Affirmative action has become big news. It’s a controversial issue in Congress, in the executive branch, in the states, in the courts, on the ballot, and among political candidates.
Usually presented as an issue of race, it is more often a matter of gender because women have been its chief beneficiaries.
Affirmative action is a matter of jobs, promotions, government contracts, and education. When it comes to the military, it’s a matter of life or death.
On the matter of race, the Navy is up front about its affirmative action policy.

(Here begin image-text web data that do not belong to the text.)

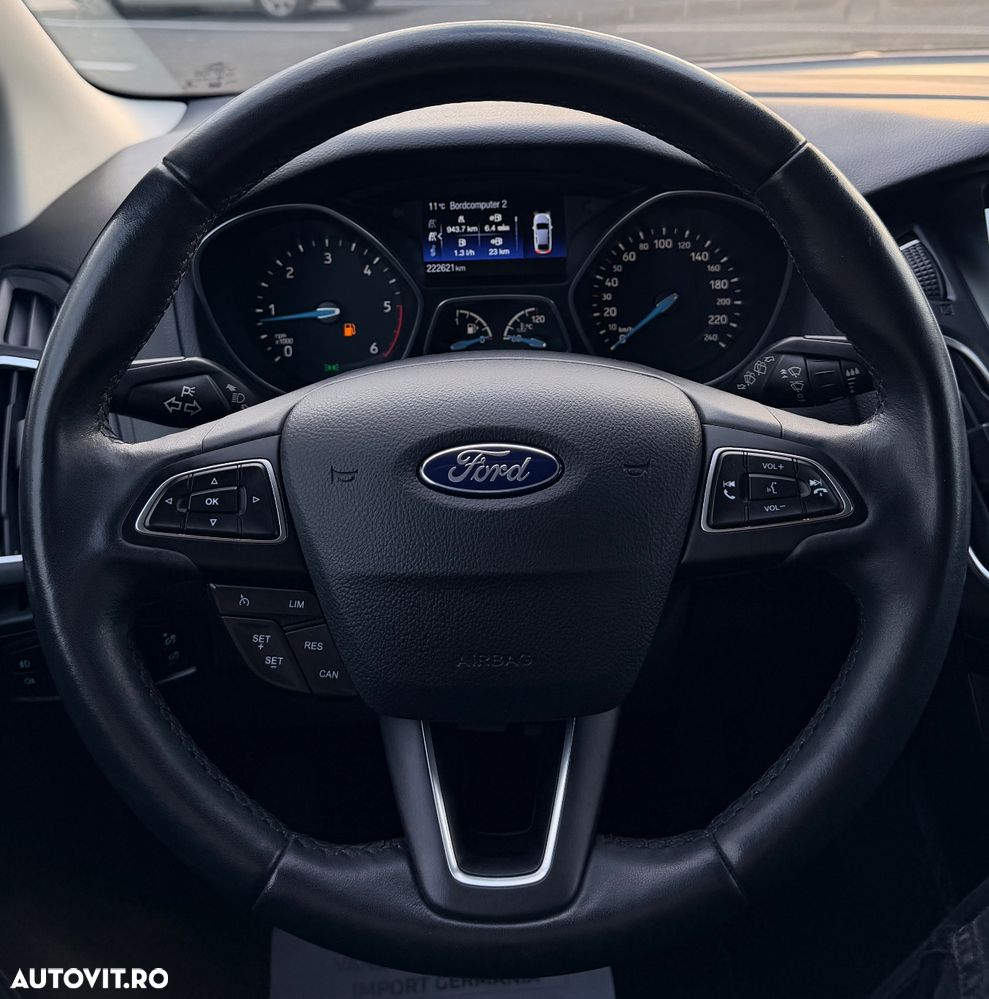 Ford Focus 2.0 EcoBlue Titanium Business - 35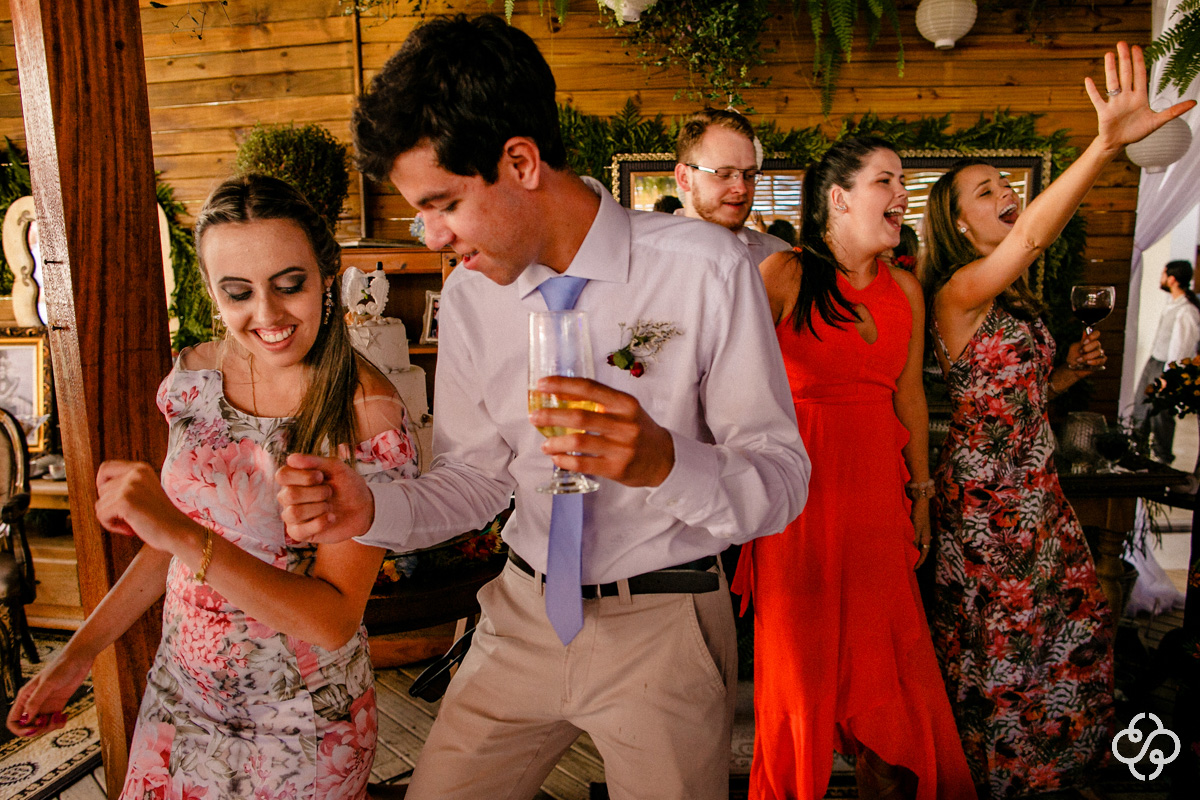 Casamento na Praia | Casamento de dia | Cerimônia de Casamento Mirante Gold Party | Biguaçu - SC | Casamento Adriana e Daniel | Fotógrafo de Casamento | Foto de Casamento | Fotógrafo Destination Wedding | |Fotógrafo de Casamento SC | Destino de Casamento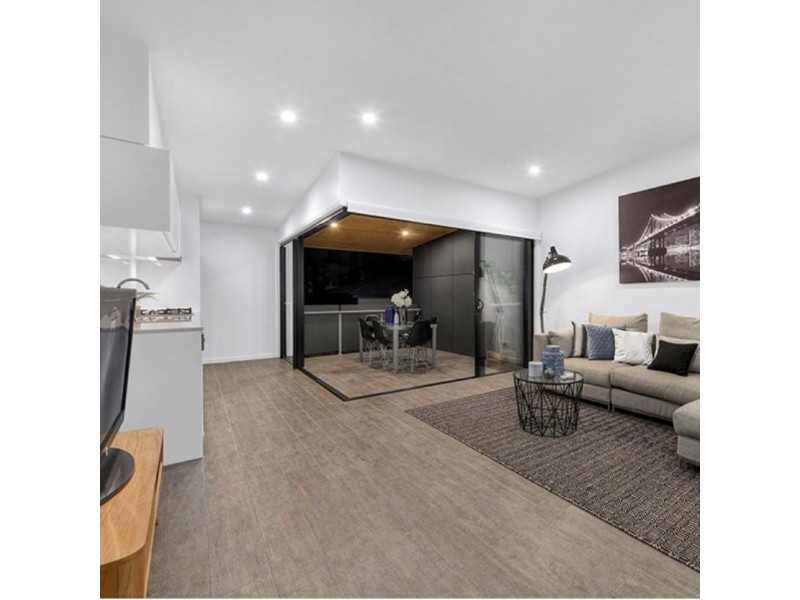 2/27 Bowen Street, Windsor QLD 4030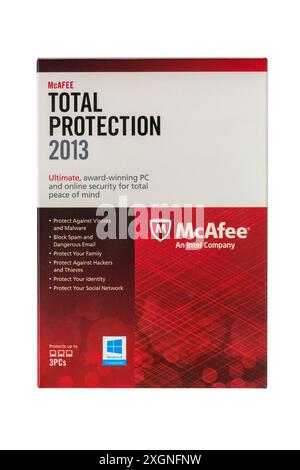 Logiciel McAfee total protection 2013 isolé sur fond blanc : sécurité en ligne et PC primée ultime pour une tranquillité d'esprit totale Banque D'Images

Secretary of the Navy John H. Dalton boasts: “Our goal is, by the start of the new century, to commission new officers in the naval service in a percentage approximately equal to the racial makeup of the American populace. That translates to about 12 percent African Americans, 12 percent Hispanics and 5 percent Asian Americans – thus giving the program its name, t12/12/5. ‘”
But when it comes to the matter of affirmative action for women in the Navy, we run into a stone wall of censorship. If it’s a good policy, why don’t they admit it, explain it and defend it, instead of denying it, obfuscating it, and retaliating against those who bring it out in to the open?
The crux of affirmative action for women in the Navy is the double standards that are used for recruiting, evaluating and promoting men and women. The women do not compete against the men, but compete only against other women for designated female slots, a practice that in the private sector is called quotas.
The word “qualified” has different meanings for men and women, because women don’t have to demonstrate the same performance abilities that the men do. They may take the same tests, but they are scored higher than men for the same performance. This chicanery is called gender norming.
This has been going on surreptitiously since women entered the military academies some 20 years ago. It has now become a front-burner issue because of the feminists’ demand to assign women to military combat positions, despite adverse recommendations of the 1992 Presidential Commission set up to investigate probable consequences of that change in military policy.
Of course, it is the female officers, not the enlisted personnel, who are nagging the men to be assigned to combat positions. In particular, it is the women officers who want to fly fighter planes.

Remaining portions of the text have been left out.